Problem to solve: Your copy should match the records below exactly, except for the pictures.

Excerpted records:
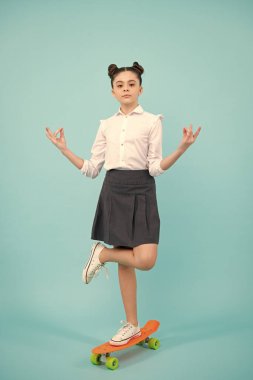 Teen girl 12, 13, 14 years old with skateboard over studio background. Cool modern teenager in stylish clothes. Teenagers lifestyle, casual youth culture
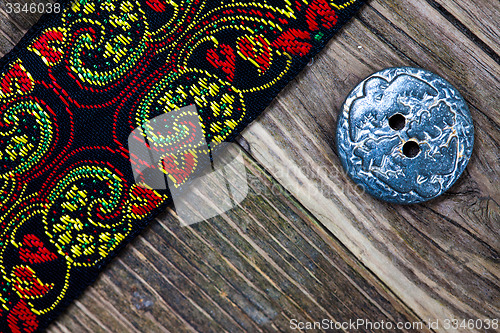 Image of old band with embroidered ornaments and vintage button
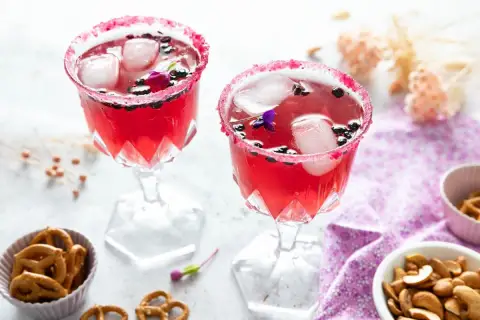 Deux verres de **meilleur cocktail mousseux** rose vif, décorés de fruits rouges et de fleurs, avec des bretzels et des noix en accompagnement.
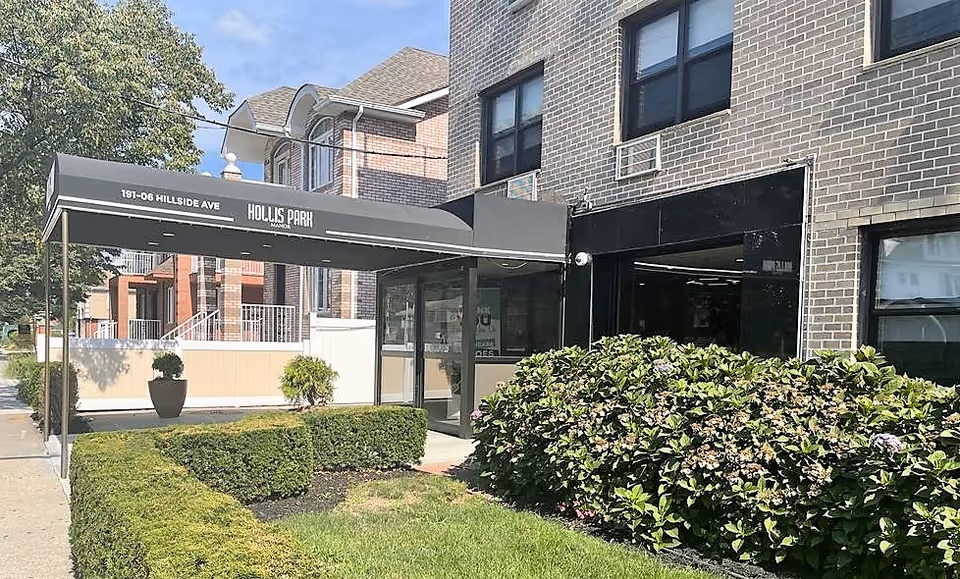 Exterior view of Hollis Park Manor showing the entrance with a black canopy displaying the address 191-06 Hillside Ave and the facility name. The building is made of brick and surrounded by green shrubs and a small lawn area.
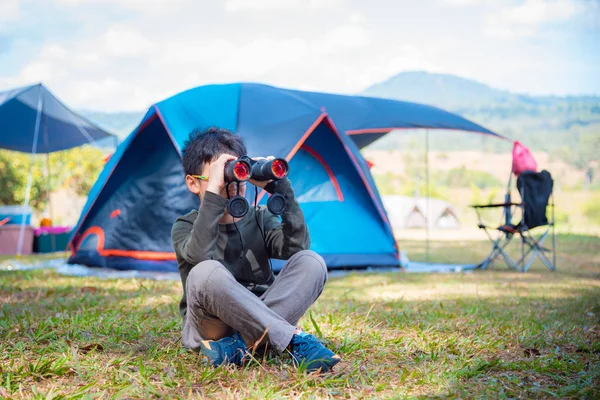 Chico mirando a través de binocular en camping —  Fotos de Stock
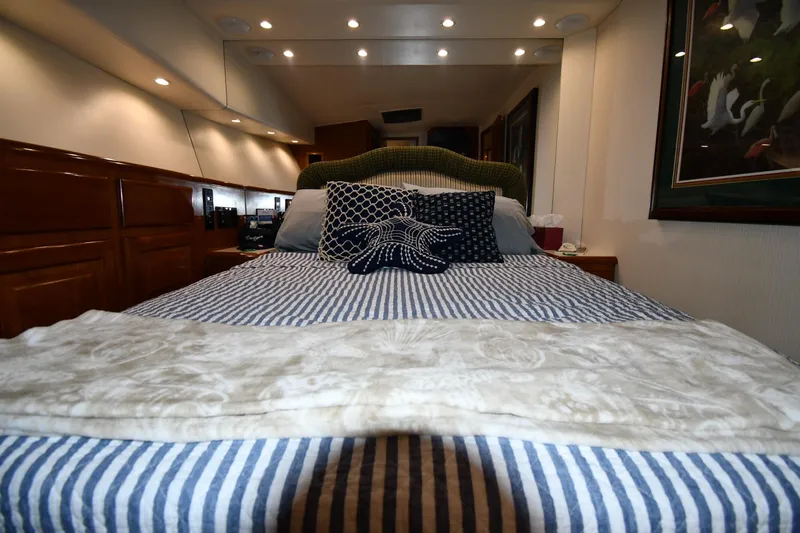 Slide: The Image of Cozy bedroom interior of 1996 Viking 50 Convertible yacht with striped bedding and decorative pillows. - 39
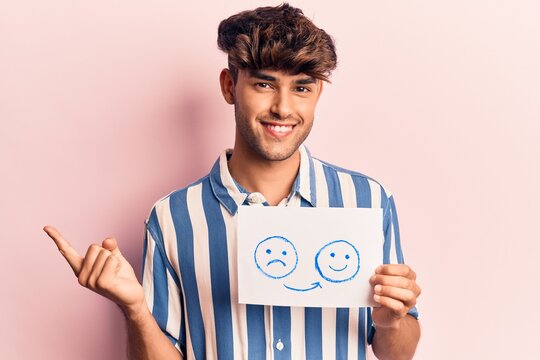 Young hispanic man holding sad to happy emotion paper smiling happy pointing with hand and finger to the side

Solution to this exercise:
 Teen girl 12, 13, 14 years old with skateboard over studio background. Cool modern teenager in stylish clothes. Teenagers lifestyle, casual youth culture
 Image of old band with embroidered ornaments and vintage button
 Deux verres de **meilleur cocktail mousseux** rose vif, décorés de fruits rouges et de fleurs, avec des bretzels et des noix en accompagnement.
 Exterior view of Hollis Park Manor showing the entrance with a black canopy displaying the address 191-06 Hillside Ave and the facility name. The building is made of brick and surrounded by green shrubs and a small lawn area.
 Chico mirando a través de binocular en camping —  Fotos de Stock
 Slide: The Image of Cozy bedroom interior of 1996 Viking 50 Convertible yacht with striped bedding and decorative pillows. - 39
 Young hispanic man holding sad to happy emotion paper smiling happy pointing with hand and finger to the side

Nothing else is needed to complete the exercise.